CEO, Parisian Family Office. Began Wall Street in '82. Founded investment firm, Native American Advisors, '95. White Earth Chippewa. Raised on reservations. Conservative. NYSE/FINRA arbitrator. Drexel Burnham alum. Pureblood, clot-shot free. In a world elevated on a tech-driven dopamine binge, he trades from GHOST RANCH on the Yellowstone River in MT, TN farm, PAMELOT or CASA TULE', the family winter camp in Los Cabos, Mexico. Always been, will always be, an optimist.

Thursday, February 08, 2007

NASD/SEC commentary.........

As part of its 2007 legislative agenda, the North American Securities Administrators Association Inc. is calling for the new Democratic Congress to review the arbitration system. It needs major work, maybe even scrap it. It isn't the arbitrators fault. In my career spanning a decade as an arbitrator for both the NASD and NYSE there wasn't a single arbitrator who I worked with that didn't do a good job in adjudicating any dispute though some were not even remotely aware of how the brokerage industry operates in reality, and some were not aware of the "bad clients" and "bad attorneys" who file suit to try to recover assets after seeing massive investor stupidity.
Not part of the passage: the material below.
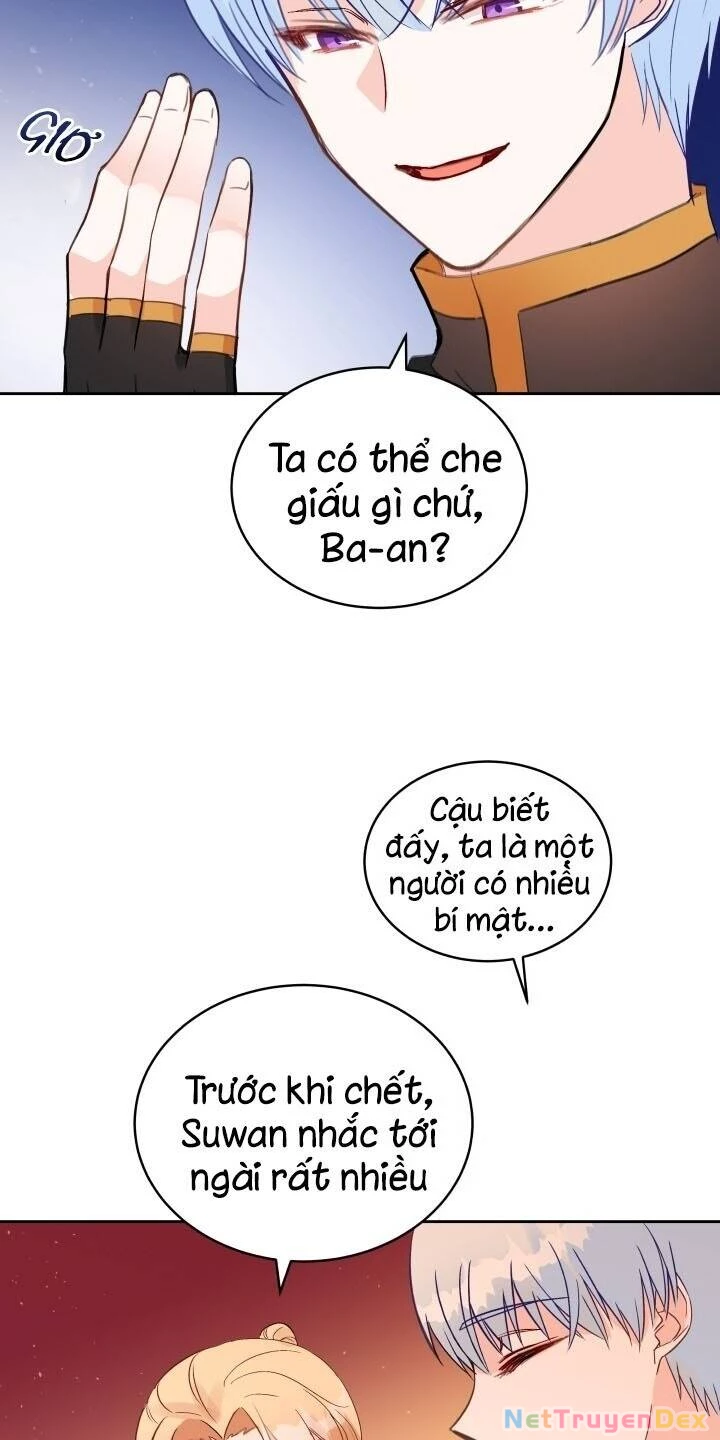Ái Phi, Dao Của Nàng Rơi Rồi Chapter 27 - 64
What I find appalling is the situation I found myself in a year or two ago. As the President and Chief Investment Officer of Chippewa Partners, a Registered Investment Advisor, a firm I started in 1995 after having gone to work in the securites business way back in 1982 there was never a time in my life that I was more prepared to be what the arbitration process needed. Someone who knows the industry, has tremendous experience in the industry and having attended law school, can ferret out the facts presented in each case. Low and behold, the NASD came up with a new rule that says any person who is a manager of an RIA firm can NOT be an arbitrator. There reasoning was that many RIA managers are actually owned by broker-dealer firms and hence can not be objective. There's more to it than that and the stench is loud. The industry knows it. There were many arbitrators tossed out of the arbitration pool over that ruling and it probably stems from guys like me holding a fiduciary standard that a firm like Chippewa Partners adheres to.
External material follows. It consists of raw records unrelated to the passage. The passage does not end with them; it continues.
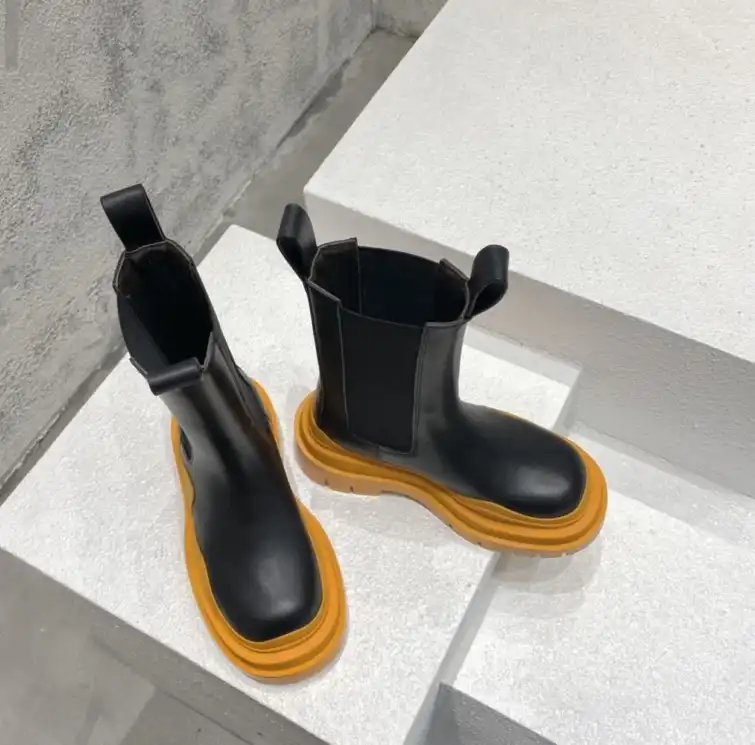 hype Bottega Veneta Boots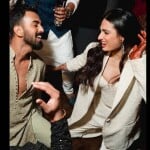 kl rahul, athiya shetty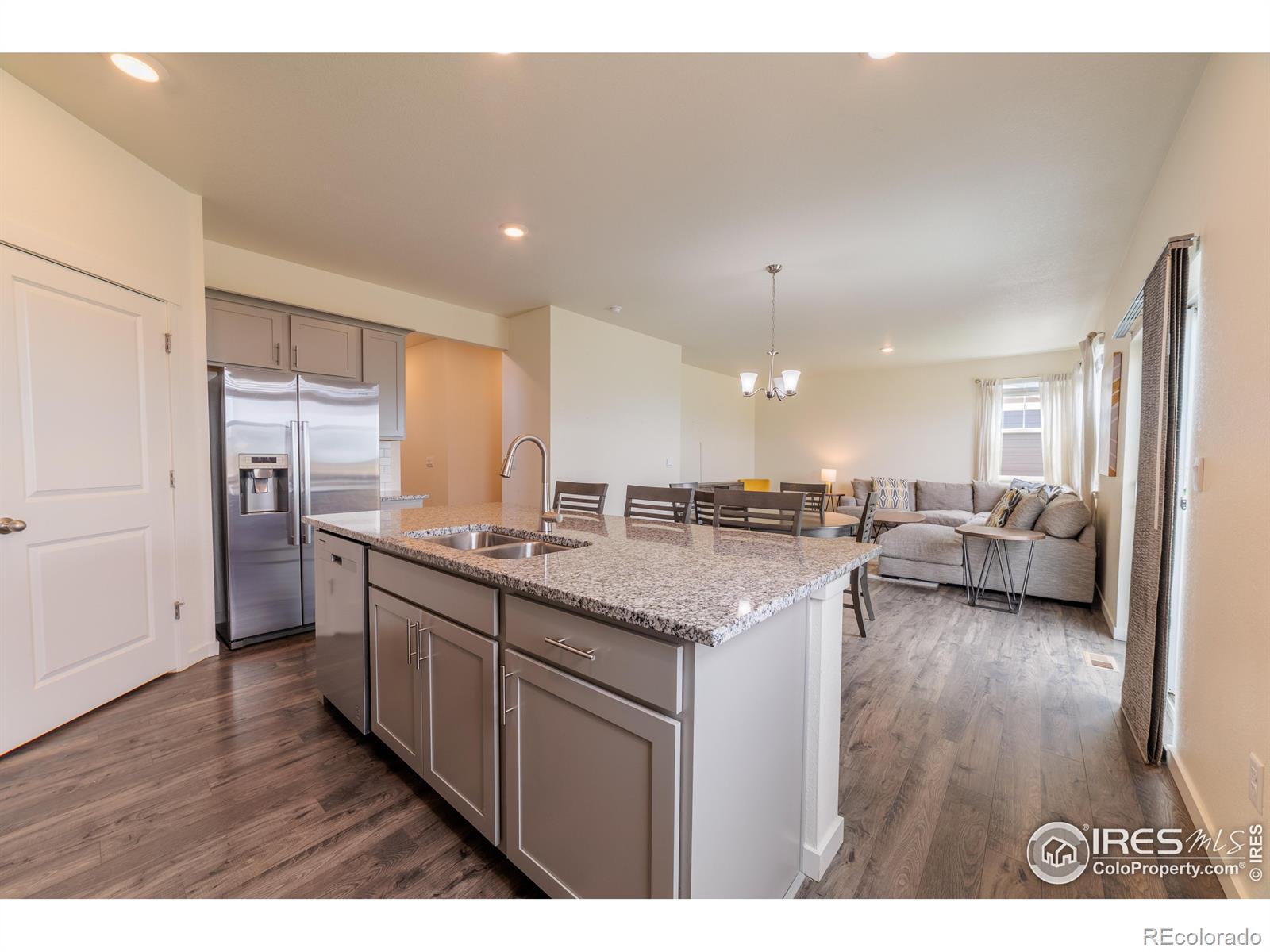 MLS Image #6 for 4405  garnet way,longmont, Colorado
Now, the there is ever more willingness to allow the brokerage industry to self-adjudicate through mandatory arbitration and control public access to the brokerage industry's criminal and disciplinary histories. The merger between the NYSE and the NASD enforcement divisions is a yawn. Everyone knows that self-regulation involves a conflict of interest. One of the most egregious examples of the fox guarding the henhouse is the Broker-Check program run by the NASD. (NOTE: NASD is the National Association of Securities Dealers, Wall Street itself!) The NASD says it "should be your first resource to learn about the professional background, registration/license status and conduct of NASD-registered firms and their registered brokers." Would you believe that the program does not permit a broker or firm to respond "yes" to the question of whether the broker or firm has any disciplinary matters in his or its past. Only two answers are permitted "no" and, get this, "maybe." If that is what is called industry self-regulation in the publics interest I have some swamp land in Florida for sale today.
For an agency that spends $888,000,000 a year you would think small investors would have far better protection and greater internet access to information on an industry they rely on to protect their assets. The beat goes on. Little guy beware, Wall Street wants your money to "invest" in the latest new investment-fad, product du jour. And you can take that to the bank.